When the first choke 130 is clear, first choke 130 closes and second choke 150 opens to let the debris pass through the system. If choke system 100 includes more than two valves, each successive valve closes as the valve upstream of it opens and then opens as the valve upstream of it closes. In this manner, debris can be passed completely through choke system 100 without requiring a cessation of flow and without causing fluid pressure to rise above desired levels. In some instances, more than one clearing cycle may be needed in order to allow all of the accumulated debris to pass through the choke system. To ensure a proper cleaning of the valve, it is recommended that each choke valve open fully before fully or partially re-closing.

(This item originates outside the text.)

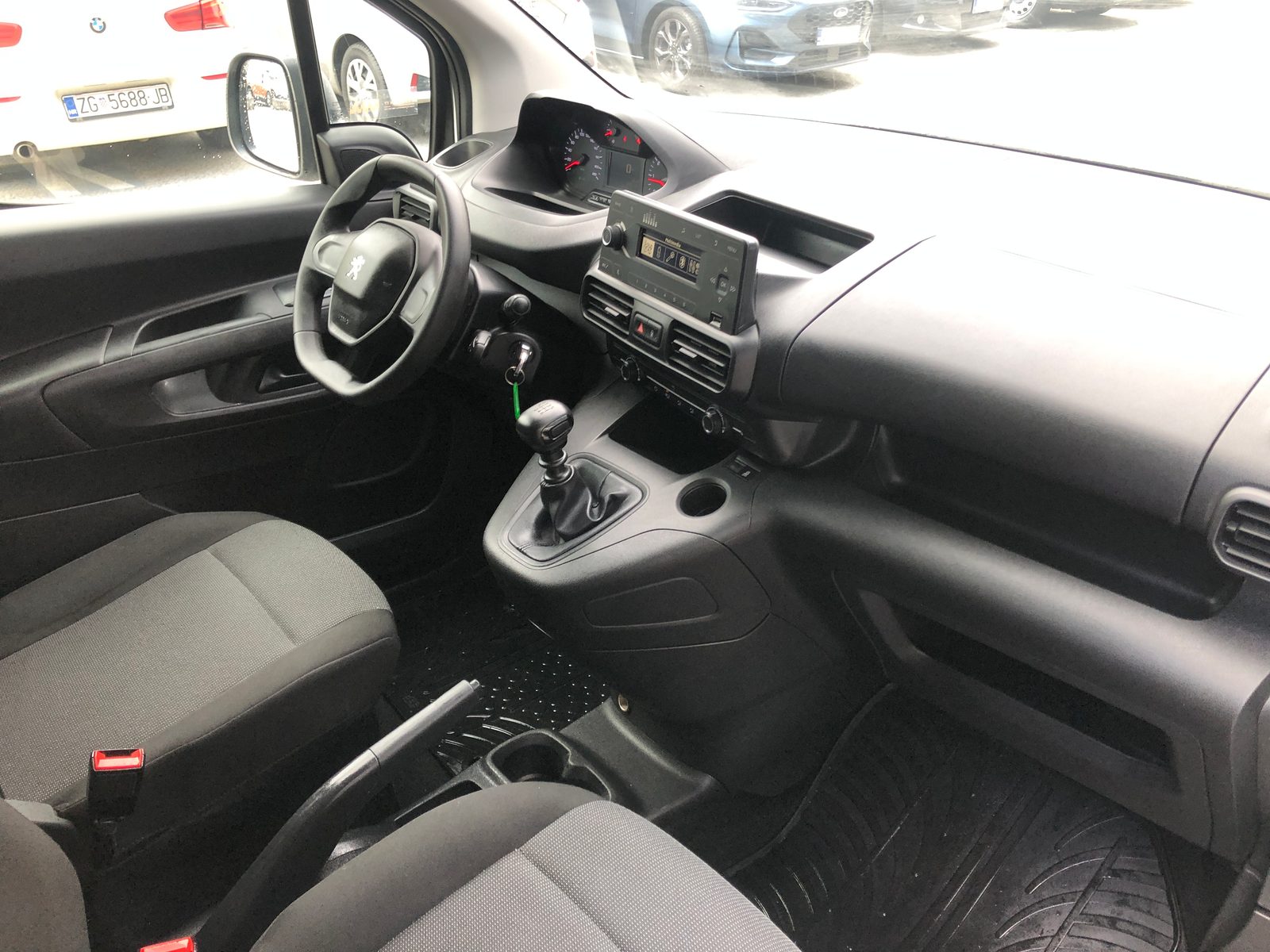 2023 Peugeot Partner — fotografija 7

The chokes 130, 150 may be actuated in different ways. In some embodiments, chokes 130, 150 may be operated manually by an operator based on pressure readings. For example, if there is a pressure increase caused by clogging/debris, an operator may initiate a clearing cycle. In this way, the valves may be operated as described to “flush” out the debris by fully open the valve, while the other valve will close to compensate the pressure drop caused by the valve that is being opened. Similarly, the system may automatically respond to changes in pressure and may clear the choke valves according to pre-set parameter values. Alternatively or in addition, choke system 100 may be operated according to a time cycle. In these embodiments, one choke 130 will cycle from the set value (pressure) to fully open, while the other valve closes to compensate for the pressure loss of the first valve so as to maintain a stable well pressure. This cycling may be performed continuously or at predetermined intervals, e.g. one cycle every two minutes.

Regardless of the mode of actuation, an objective of choke system 100 is to maintain the pressure in the well stable during operation so as to avoid any damage such as might be caused by an unexpected influx or loss of fluids in the well. The choke valves operate simultaneously and in cooperation to keep the pressure stable during operations.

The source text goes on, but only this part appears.